I am heartily sick of the story and it’s hardly begun.
Just take a look at the amount of coverage on memeorandum today, for example, and you’ll see what I mean. All those articles for something that shouldn’t have seen print until (a) the sources were identified; (b) the allegations were specified, including whether there were witnesses to the alleged acts; and (c) the details of what a settlement might mean in terms of a person’s actual guilt or innocence were fully explained.
We don’t know many specifics of the Cain settlement, but here’s a look at the subject in general, from a lawyer who knows something about that sort of thing:
TV and movies would have you believe that most lawsuits end up with a jury hearing the evidence and rendering a verdict. That almost never happens. Close to 97 percent of civil cases never see a courtroom. The vast majority settle, with the business paying good money to end the nightmare…
And, as Herman Cain has learned, you never really can buy your peace. The accusers apparently signed nondisclosure agreements so that Cain and his company could put the accusations behind them. A lot of good that did. Whether it was the accusers or others who revealed the claims, the effort to buy peace now looks like wasted money.
In the world of sexual-harassment law, the accusations are bad enough. You’re guilty until proven innocent. The law is skewed toward the plaintiffs — it’s hard to get even the silliest charges tossed out, and even then it often costs upward of six figures to do so…
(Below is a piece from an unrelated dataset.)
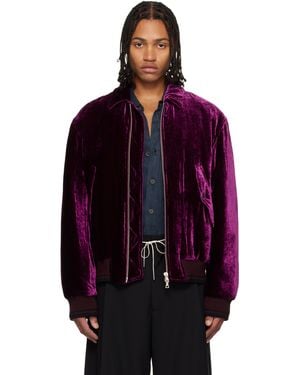 Dries Van Noten Velvet Bomber Jacket - Blue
Even what constitutes “sexual harassment” has crossed from common sense into farce. In the 1970s, my mother was a lawyer who faced the real thing as one of the very few women in a testosterone-fueled district attorney’s office. Today, women are at or near parity with men in most every field, and are even ahead of them among entrants to the professions.
Yet where sexual-harassment law once protected women from being forced to be the playthings of crude lechers, it’s been transformed to enforcing a prim puritanism that drains the humor and humanity from the workplace. People are afraid to make an innocent joke or compliment a co-worker’s appearance for fear of crossing some unspoken line that will bring down the wrath of the human-resources department.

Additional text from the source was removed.